Old Salt Union (OSU) is a newgrass/americana string band from Belleville, Illinois. They have cited musical influences from jazz, classical, jam band and alternative. The band formed in 2012 and have since performed at many national festivals including LouFest, Stagecoach Festival, Bluegrass Underground, Winter Wondergrass, Freshgrass, featured on Music City Roots, Wakarusa, Yonder Mountain String Band's Harvest Festival, played the 2014 Daytona 500, FloydFest, Camp Euforia and the Walnut Valley Festival. The band was voted Best Bluegrass Band in St. Louis by The Riverfront Times in 2013 and Best Country Artist in 2014. Old Salt Union's line-up consists of Ryan Murphey (Banjo), Jesse Farrar (Upright Bass), Justin Wallace (Mandolin) and John Brighton (Fiddle).
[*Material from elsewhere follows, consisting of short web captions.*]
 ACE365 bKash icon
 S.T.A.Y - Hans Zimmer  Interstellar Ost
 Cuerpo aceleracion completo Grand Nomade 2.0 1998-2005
Old Salt Union has released two independent full-length albums a four track live vinyl "Woodshed" and in early 2016 released an EP entitled "Cut & Run." They recently recorded a single in Nashville, TN with Alison Brown. They have either shared the stage or opened up for national acts Sam Bush, Del McCoury, The Travelin' McCourys, Leftover Salmon, The Reverend Horton Heat, Greensky Bluegrass, Lonesome River Band, Jeff Austin, Son Volt and Yonder Mountain String Band.

Founding member Dustin Eiskant left the band mid 2016 and Old Salt Union announced Rob Kindle would be his replacement. Rob left the group in July 2018 and the band selected Graham Curry to be their guitar player immediately thereafter. Graham left the band at the end of December 2019.

==Self-Titled Debut==
Old Salt Union signed with Compass Records of Nashville in early 2017 and released their eponymous record on August 4, 2017. The album features ten re-arranged, re-mixed and re-mastered previously recorded tracks from the band's catalog - including a rendition of Paul Simon's "You Can Call Me Al". The album is produced by Alison Brown and was recorded at Compass Records Studios in Nashville, TN.

==Where The Dogs Don’t Bite==
Old Salt Union released their second Compass Records album, "Where The Dogs Don't Bite", on August 16, 2019 to critical acclaim. The album contains 10 tracks of original material, one of which, "Tell Me So", is a duet with famous bluegrass performer and tenor Bobby Osborne. The release reached number one on the Billboard Charts bluegrass albums for the week of August 31, 2019.

== Discography ==
- Western Skies (2013)
- Bridge (2014)
- Woodshed (2014)
- Cut & Run (2016)
- Old Salt Union (2017)
- Where The Dogs Don't Bite (2019)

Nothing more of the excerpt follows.